Step 2: Write Training Code¶

Edit my-ml-app/easy_sm_base/training/training.py:

import pandas as pd
import joblib
import os

def train(input_data_path, model_save_path, hyperparams_path=None):
    """Train a simple linear regression model."""
    # Load training data
    data_file = os.path.join(input_data_path, 'data.csv')
    print(f"Loading data from: {data_file}")
    data = pd.read_csv(data_file)

    print(f"Training data shape: {data.shape}")
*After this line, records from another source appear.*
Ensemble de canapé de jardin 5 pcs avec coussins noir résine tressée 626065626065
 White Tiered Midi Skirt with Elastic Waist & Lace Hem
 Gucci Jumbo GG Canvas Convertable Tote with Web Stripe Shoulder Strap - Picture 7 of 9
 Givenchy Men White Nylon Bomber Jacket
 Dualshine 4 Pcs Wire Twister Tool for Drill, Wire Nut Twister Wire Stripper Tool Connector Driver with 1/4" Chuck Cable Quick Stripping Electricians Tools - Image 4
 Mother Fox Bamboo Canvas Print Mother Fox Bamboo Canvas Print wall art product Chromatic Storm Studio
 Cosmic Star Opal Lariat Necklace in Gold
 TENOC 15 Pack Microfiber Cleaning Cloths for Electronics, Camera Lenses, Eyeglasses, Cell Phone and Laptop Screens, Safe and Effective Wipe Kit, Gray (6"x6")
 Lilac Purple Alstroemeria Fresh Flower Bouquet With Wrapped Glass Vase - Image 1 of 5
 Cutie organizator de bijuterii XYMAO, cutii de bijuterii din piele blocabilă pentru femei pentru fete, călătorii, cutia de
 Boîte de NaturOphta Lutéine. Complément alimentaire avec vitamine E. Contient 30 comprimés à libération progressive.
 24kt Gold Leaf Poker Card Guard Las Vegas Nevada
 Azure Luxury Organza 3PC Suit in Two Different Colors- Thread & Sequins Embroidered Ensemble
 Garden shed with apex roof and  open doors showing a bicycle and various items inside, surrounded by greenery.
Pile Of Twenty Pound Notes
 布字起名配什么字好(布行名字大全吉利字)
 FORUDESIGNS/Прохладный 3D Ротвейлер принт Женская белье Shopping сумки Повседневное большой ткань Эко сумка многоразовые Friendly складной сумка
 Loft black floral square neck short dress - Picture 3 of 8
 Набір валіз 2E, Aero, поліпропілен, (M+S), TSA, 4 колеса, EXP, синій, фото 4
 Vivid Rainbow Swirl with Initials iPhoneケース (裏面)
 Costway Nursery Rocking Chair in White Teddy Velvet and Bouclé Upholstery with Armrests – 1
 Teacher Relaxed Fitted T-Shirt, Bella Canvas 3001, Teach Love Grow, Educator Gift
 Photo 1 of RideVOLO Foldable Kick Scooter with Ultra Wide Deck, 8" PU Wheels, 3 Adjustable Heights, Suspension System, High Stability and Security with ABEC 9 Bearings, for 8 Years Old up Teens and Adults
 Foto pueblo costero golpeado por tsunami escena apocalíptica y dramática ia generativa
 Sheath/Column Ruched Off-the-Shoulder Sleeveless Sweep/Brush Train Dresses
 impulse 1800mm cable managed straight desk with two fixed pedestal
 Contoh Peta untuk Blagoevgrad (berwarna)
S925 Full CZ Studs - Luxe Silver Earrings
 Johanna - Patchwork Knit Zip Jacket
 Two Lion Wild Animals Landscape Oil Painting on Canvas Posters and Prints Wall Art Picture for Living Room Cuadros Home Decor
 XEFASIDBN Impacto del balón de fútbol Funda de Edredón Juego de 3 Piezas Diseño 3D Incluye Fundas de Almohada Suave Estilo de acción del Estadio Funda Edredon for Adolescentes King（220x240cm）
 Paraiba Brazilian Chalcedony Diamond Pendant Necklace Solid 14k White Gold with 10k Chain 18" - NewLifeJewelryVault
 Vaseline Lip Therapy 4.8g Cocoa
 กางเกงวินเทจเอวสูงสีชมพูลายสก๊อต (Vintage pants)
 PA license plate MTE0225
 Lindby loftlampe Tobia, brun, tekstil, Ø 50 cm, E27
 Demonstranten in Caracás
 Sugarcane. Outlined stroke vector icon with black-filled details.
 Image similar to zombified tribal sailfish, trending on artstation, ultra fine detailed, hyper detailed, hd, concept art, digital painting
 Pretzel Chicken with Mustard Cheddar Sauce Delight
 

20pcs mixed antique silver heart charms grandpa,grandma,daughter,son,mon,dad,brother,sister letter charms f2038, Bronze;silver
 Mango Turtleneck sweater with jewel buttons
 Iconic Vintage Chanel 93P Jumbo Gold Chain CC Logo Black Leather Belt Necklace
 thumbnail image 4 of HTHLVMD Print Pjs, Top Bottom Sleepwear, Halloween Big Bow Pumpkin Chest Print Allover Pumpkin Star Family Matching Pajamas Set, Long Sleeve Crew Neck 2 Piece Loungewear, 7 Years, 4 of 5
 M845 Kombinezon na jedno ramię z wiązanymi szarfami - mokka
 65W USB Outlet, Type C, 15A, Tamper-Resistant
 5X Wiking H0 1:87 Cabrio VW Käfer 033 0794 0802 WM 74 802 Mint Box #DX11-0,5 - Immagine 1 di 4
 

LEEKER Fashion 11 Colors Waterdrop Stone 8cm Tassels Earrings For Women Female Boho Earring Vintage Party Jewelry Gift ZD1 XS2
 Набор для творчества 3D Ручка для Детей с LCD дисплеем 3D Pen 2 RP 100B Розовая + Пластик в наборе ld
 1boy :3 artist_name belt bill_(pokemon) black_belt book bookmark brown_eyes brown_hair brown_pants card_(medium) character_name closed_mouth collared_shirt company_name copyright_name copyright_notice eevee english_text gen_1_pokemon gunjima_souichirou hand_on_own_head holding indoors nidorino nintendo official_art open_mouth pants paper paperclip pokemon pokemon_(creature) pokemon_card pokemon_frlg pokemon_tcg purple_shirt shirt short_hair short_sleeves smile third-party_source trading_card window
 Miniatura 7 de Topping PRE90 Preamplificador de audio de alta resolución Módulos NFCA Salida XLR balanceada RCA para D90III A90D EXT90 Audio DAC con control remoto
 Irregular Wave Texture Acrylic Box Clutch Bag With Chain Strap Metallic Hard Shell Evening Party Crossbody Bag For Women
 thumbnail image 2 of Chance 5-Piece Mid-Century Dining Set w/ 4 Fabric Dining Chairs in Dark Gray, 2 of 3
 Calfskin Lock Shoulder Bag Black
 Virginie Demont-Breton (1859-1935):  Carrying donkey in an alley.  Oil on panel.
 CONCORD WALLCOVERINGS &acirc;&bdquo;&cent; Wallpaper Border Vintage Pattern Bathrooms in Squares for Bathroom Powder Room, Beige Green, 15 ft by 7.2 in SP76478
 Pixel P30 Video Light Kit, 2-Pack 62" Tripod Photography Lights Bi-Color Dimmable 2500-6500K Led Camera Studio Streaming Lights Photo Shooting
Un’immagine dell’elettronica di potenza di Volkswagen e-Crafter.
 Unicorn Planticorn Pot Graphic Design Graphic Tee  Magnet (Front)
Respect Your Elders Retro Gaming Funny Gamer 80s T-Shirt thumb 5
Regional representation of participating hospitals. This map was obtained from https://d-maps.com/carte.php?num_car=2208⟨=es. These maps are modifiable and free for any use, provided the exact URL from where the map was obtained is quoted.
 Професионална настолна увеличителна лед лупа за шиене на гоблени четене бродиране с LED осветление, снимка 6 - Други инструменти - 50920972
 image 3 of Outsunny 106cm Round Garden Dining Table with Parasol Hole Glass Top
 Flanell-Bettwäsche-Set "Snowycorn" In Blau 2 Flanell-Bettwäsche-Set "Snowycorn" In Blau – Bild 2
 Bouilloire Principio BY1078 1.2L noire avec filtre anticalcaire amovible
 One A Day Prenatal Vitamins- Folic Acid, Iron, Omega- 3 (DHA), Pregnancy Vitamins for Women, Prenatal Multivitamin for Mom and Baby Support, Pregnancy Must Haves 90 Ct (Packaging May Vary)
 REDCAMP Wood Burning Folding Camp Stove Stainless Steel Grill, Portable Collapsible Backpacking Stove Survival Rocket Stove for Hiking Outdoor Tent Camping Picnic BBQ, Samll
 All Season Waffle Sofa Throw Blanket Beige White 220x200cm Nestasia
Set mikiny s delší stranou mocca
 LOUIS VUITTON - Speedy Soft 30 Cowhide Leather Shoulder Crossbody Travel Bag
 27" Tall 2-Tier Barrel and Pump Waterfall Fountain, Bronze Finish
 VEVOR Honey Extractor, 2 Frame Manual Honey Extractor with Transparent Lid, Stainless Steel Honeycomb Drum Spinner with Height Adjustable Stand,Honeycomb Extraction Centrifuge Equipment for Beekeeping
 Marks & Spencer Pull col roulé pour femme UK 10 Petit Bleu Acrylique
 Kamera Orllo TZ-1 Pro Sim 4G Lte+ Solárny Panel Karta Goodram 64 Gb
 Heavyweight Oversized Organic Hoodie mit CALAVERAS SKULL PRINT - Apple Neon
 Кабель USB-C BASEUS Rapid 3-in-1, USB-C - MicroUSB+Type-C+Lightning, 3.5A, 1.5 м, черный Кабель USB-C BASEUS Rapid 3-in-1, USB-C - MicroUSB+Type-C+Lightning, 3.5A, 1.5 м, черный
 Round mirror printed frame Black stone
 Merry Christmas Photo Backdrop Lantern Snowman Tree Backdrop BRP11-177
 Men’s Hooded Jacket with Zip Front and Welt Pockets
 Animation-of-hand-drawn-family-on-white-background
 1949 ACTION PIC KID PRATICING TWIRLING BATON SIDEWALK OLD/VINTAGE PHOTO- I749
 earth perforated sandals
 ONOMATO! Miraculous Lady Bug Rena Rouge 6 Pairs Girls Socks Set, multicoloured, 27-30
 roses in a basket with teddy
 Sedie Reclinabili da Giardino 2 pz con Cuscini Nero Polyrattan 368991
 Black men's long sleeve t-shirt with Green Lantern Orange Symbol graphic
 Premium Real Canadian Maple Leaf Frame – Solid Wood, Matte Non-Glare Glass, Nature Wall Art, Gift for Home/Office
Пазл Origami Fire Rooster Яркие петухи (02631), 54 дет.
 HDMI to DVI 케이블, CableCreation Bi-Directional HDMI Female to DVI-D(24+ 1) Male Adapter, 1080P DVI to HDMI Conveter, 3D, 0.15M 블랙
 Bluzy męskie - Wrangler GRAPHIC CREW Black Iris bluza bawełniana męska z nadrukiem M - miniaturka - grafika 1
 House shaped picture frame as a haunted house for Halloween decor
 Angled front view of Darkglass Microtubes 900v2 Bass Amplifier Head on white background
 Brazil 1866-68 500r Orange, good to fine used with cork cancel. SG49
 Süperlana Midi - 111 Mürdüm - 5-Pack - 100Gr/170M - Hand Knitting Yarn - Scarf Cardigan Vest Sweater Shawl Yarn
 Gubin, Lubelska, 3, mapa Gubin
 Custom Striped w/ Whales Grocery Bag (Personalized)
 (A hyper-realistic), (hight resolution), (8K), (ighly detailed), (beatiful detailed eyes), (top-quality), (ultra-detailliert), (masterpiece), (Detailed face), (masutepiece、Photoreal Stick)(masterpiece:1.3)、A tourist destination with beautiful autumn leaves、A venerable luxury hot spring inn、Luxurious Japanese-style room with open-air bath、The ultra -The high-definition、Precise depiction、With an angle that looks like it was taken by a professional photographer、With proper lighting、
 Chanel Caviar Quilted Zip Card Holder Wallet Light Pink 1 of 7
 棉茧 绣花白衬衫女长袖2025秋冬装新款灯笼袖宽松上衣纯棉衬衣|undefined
    # Simple model training (replace with your logic)
    from sklearn.linear_model import LinearRegression

    X = data[['feature1', 'feature2']]
    y = data['target']

    print("Training model...")
    model = LinearRegression()
    model.fit(X, y)

    # Calculate training accuracy
    score = model.score(X, y)
    print(f"Training R² score: {score:.4f}")

    # Save model
    model_file = os.path.join(model_save_path, 'model.mdl')
    print(f"Saving model to: {model_file}")
    joblib.dump(model, model_file)

    print("Training complete!")

if __name__ == '__main__':
    import sys

    # SageMaker passes paths as arguments
    train_data_path = sys.argv[1] if len(sys.argv) > 1 else '/opt/ml/input/data/training'
    model_save_path = sys.argv[2] if len(sys.argv) > 2 else '/opt/ml/model'

    train(train_data_path, model_save_path)

Key Points¶

train() function: Main training logic
Paths: SageMaker provides standardized paths (/opt/ml/input/data/training, /opt/ml/model)
Logging: Use print() for logs (captured by SageMaker CloudWatch)
Model format: Save as .mdl, .pkl, or .joblib

Step 3: Add Dependencies¶

Edit requirements.txt:

scikit-learn>=1.3.0
pandas>=2.0.0
joblib>=1.3.0
numpy>=1.24.0

Step 4: Prepare Test Data¶

Create test data for local development:

mkdir -p my-ml-app/easy_sm_base/local_test/test_dir/input/data/training

Create my-ml-app/easy_sm_base/local_test/test_dir/input/data/training/data.csv:

feature1,feature2,target
1.0,2.0,3.0
2.0,3.0,5.0
3.0,4.0,7.0
4.0,5.0,9.0
5.0,6.0,11.0

This test data will be used for local training runs.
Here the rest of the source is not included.